Em segundo lugar, embora a típica IBP seja importante no diagnóstico do AS e seja o principal ponto de referência e ponto de partida para a maioria dos critérios de diagnóstico, só está presente em 70% a 80% dos pacientes com AS. Além disso, a IBP também é observada em 20% a 25% dos pacientes com dores lombares mecânicas (dores relacionadas com a coluna vertebral).
Finalmente, não existem critérios amplamente aceites para o diagnóstico precoce de SpA sem alterações radiográficas da articulação sacroilíaca.
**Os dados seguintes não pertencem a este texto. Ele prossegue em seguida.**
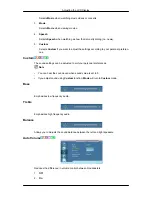 Предварительный просмотр 106 страницы Samsung 400UX - SyncMaster - 40" LCD Flat Panel Display User Manual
Com base nesta análise, o IBP por si só não é suficiente para diagnosticar SpA e é necessário estabelecer um novo conjunto de critérios de diagnóstico para incluir tanto os pacientes de SpA prematuros como os que não têm IBP.
Os critérios de classificação ideais para os primeiros SPE devem incluir pelo menos três a quatro dados para alcançar uma boa especificidade, satisfazer as necessidades de diagnóstico, incluir todos os dados relevantes (incluindo a RM), reflectir o quadro completo da doença (alterações pré-radiológicas, alterações radiológicas) e diferentes pesos de dados relevantes.
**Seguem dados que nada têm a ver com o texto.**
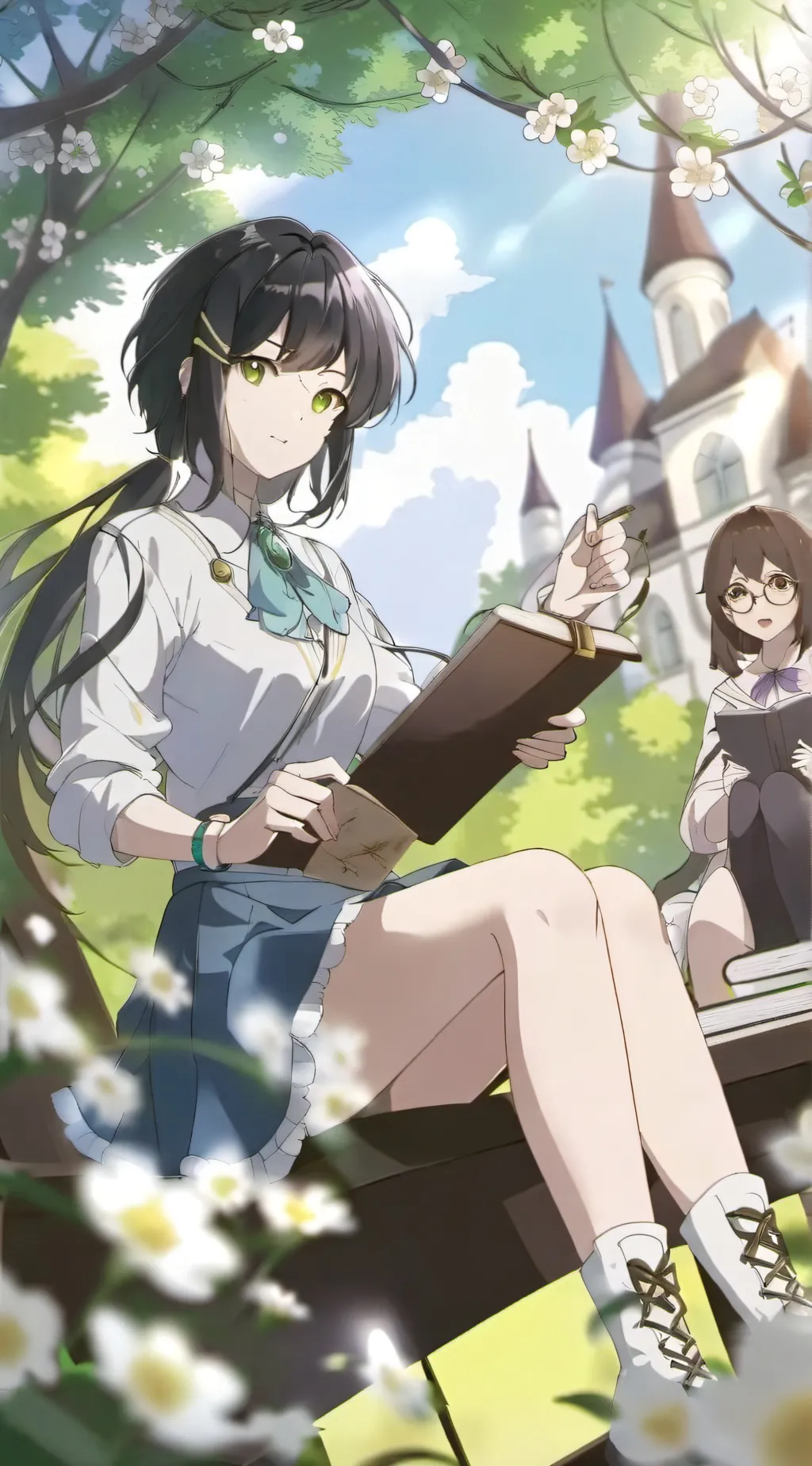 ai character: mha pick me  background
Novos critérios para o diagnóstico precoce
Em 2009, a International Spondyloarthritis Assessment Task Force (ASAS) propôs uma abordagem multifacetada ao diagnóstico (ver páginas A8 e A9 deste relatório, 19 de Novembro de 2009), dividindo os pacientes em múltiplas vias de entrada: aqueles com anomalias de imagem, mais uma ou mais características de SpA; aqueles com três ou mais características de SpA; aqueles com IBP, mais duas ou mais características de SpA; ou aqueles com HLA- B27 positivo, adicionar 2 ou mais características de SpA. Entre as anomalias de imagem, para além das anomalias originais da articulação sacroilíaca bilateral de grau II ou unilateral de grau III ou superior, foram adicionadas alterações inflamatórias da articulação sacroilíaca por RM, que aumentaram a sensibilidade diagnóstica de 66% para 83%.
Os critérios levam por diante o conceito tradicional de SpA com IBP e alterações de imagem da articulação sacroilíaca, ao mesmo tempo que enfatizam a população especial das primeiras SpA com características HLA-B27(+) e apenas SpA, conformando-se assim a uma utilização clínica mais ampla, mais complexa e diversificada.
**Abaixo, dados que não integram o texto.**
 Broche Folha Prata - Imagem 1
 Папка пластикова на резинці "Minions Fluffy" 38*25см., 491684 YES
Os critérios acima referidos dão importância aos doentes com uveíte anterior aguda e/ou HLA-B27(+). Embora a uveíte anterior aguda tenha muitas etiologias, metade está associada à doença reumática; um número significativo de doentes com uveíte anterior aguda associada à HAL-B27 estão, por sua vez, associados à S.p.A. Assim, na prática clínica, se as vias e condições diagnósticas múltiplas acima referidas puderem ser consideradas em conjunto e utilizadas separadamente ou em combinação em doentes diferentes, dependendo da situação específica do doente, seria possível melhorar significativamente a A taxa de diagnóstico de SpA com diferentes manifestações clínicas.